Bei jsp-develop und bei webhostlist habe ich leider nichts vernünftiges gefunden in der Preisklasse. Könnt ihr mir vielleicht eure persönlichen Erfahrungen mitteilen?


----------



## DP (30. Jun 2005)

schau mal hier: http://www.jsp-develop.de/hosting/

dort findest du eine liste mit jsp-providern


----------



## Guest (30. Jun 2005)

DP hat gesagt.:
			
		

> schau mal hier: http://www.jsp-develop.de/hosting/
> 
> dort findest du eine liste mit jsp-providern



schau dir mal den letzten satz von mir durch  :roll:


----------



## DP (30. Jun 2005)

Anonymous hat gesagt.:
			
		

> DP hat gesagt.:
> 
> 
> 
> ...



dann schau dir mal die liste durch :roll:

ansonsten localhost + dyndns


----------



## 0xdeadbeef (30. Jun 2005)

Könntest Dir einen Linux-Vserver bei Lycos (o.ä.) ausetzen und dort Tomcat etc. installieren. Ist halt nicht ganz ohne, das Ding zum Laufen zu kriegen, am Laufen zu halten und vor allem so abzusichern, daß andere Leute damit keinen Unfug anstellen.
Bezüglich Preis und Flexibilität aber kaum zu schlagen.


----------



## gaansch (1. Jul 2005)

Tomcat im vserver? Das klappt?
Also ich hatte in nem vserver schon probleme mit MySQL und Bind, und der Tomcat ist doch auch nicht gerade der Ressourcenschohner, oder?


----------



## Bleiglanz (1. Jul 2005)

http://www.myjavaserver.com/


----------



## Guest (4. Jul 2005)

0xdeadbeef hat gesagt.:
			
		

> Könntest Dir einen Linux-Vserver bei Lycos (o.ä.) ausetzen und dort Tomcat etc. installieren. Ist halt nicht ganz ohne, das Ding zum Laufen zu kriegen, am Laufen zu halten und vor allem so abzusichern, daß andere Leute damit keinen Unfug anstellen.
> Bezüglich Preis und Flexibilität aber kaum zu schlagen.



An sowas habe ich auch gedacht. bei terions.de gibt es einen VServer schon ab 5,50 Euro.
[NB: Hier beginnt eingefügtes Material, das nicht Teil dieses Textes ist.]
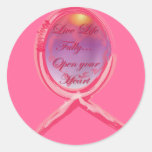 Leef het Leven volledig: Het Roze Lint van Kanker  Sticker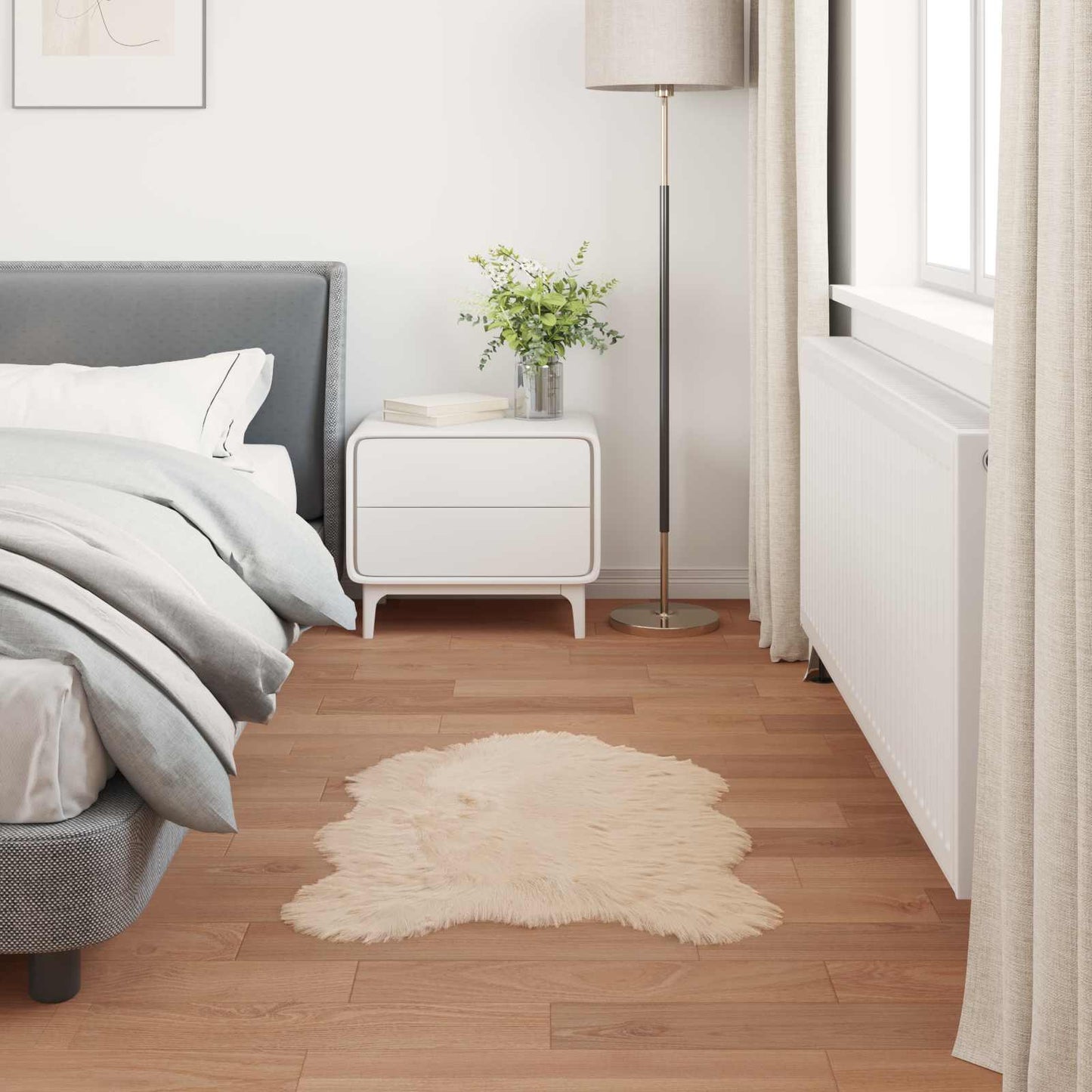 vidaXL Ψεύτικο Δέρμα Προβάτου Χαλί Tafalla Μπεζ 80 x 120 cm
Das Ganze ans Laufen zu bekommen ist nicht so das Problem in meinen Augen.
Hat denn jemand schon Erfahrung damit gemacht was die Performance angeht?


----------



## DP (4. Jul 2005)

mit 5.50 euro / monat bekommst du sicherlich die höllenmaschine schlecht hin


----------



## Joltan (5. Jul 2005)

Server4You hat auch VServer mit Apache/Tomcat - ab 9.90/Monat, mit 50GB Traffic, 2GB Platte und Du hast die Wahl zwischen 4 Linux-Distributionen, ganz nach Vorliebe. Die billigste Variante dürfte aber etwas schwach auf der Brust sein (näherer Erfahrungsbericht, sobald ich meine grundlegenden Verständnisprobleme bezüglich JSP überwunden habe).


----------